How can AI know what part of an image is important if it does not know what the entire image is?
What if the part that AI does not recognize is the important part?
That is "the system as a whole" example I noted in my last comment, and (IMO) also applies to the Apollo example.
A key factor in the Apollo flights was fuel consumption. The system has to know or be told which parts of the system need to be in use right now, and turn off the others that aren't in use. If not the system will a) do things it shouldn't and/or b) use precious fuel doing things it shouldn't.
FSD AI has to know the whole of the situation when driving to know which subsystems can be ignored or turned off (e.g. don't worry about running the windshield wipers if it is not raining, don't worry about ice when the ambient temperature is 25°C).

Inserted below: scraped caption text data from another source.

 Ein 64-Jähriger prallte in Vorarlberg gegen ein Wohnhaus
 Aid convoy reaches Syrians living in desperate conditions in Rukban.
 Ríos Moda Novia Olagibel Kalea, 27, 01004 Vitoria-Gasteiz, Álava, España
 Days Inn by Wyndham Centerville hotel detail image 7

Exchanging information between cars will require (what we call in the systems industry) "handshaking." My car will have to establish communication with your car, confirm that we are able to exchange data and then exchange data to (for example) avoid or attenuate the damage from a head-on collision. This would need to happen in milliseconds. No trivial task.
HOW to avoid that head-on collision would still require that each car have at least some autonomous systems and awareness.

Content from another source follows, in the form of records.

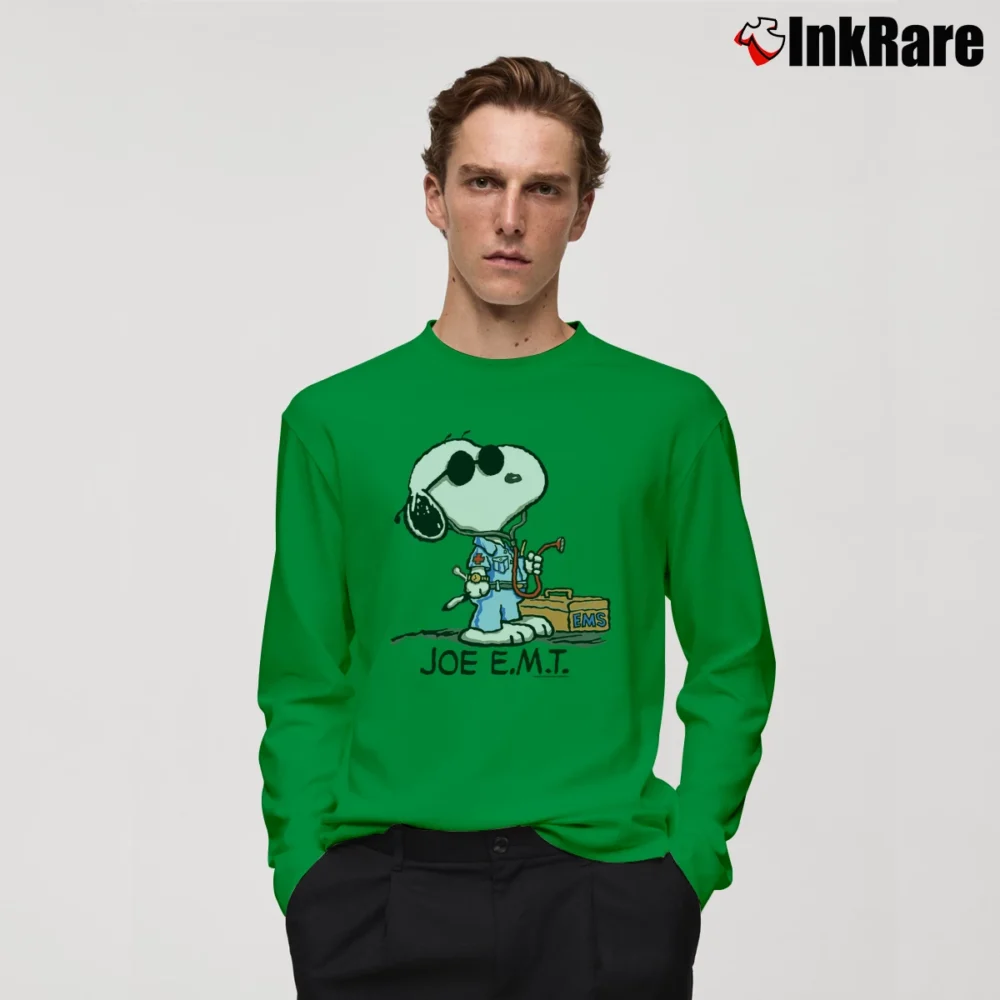Men’s 90s Snoopy Joe E.M.T Classic Long-Sleeve Shirt in irish green | Sleek, Lightweight, Year-Round Wear
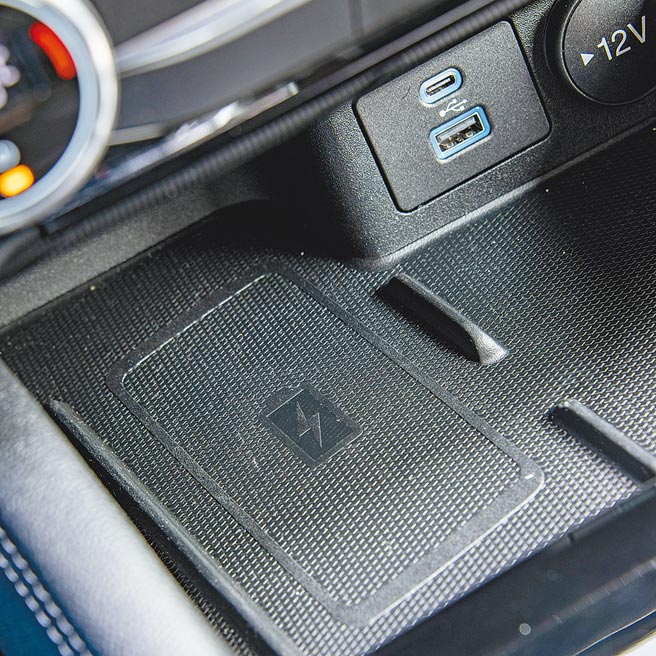 中控台內建4種充電方式。（陳大任攝）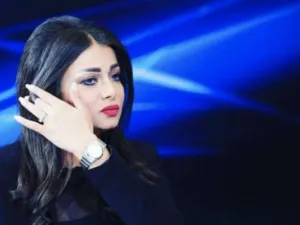  رغم علمها بوفاة أخيها الأكبر سنا قبل دقائق مـن بدء الحلقة، استمرت في التقديم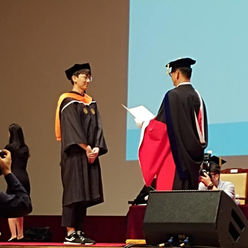 2018 Dong Woo graduate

Getting to an industry standard for such a handshaking protocol alone will take years or decades. If you take an example on how long it has taken to establish a single phone charger standard you can see it took - oh wait, we still don't have one. Nor do we have a single standard for EV plugs.
35+ years in systems design has taught me all to well that the devil really is in the details. We've come a really long ways with autonomous driver's aids. Moving to FSD and/or auto-interaction is a huge task orders of magnitude more difficult than the (again, very impressive) gains we've made so far.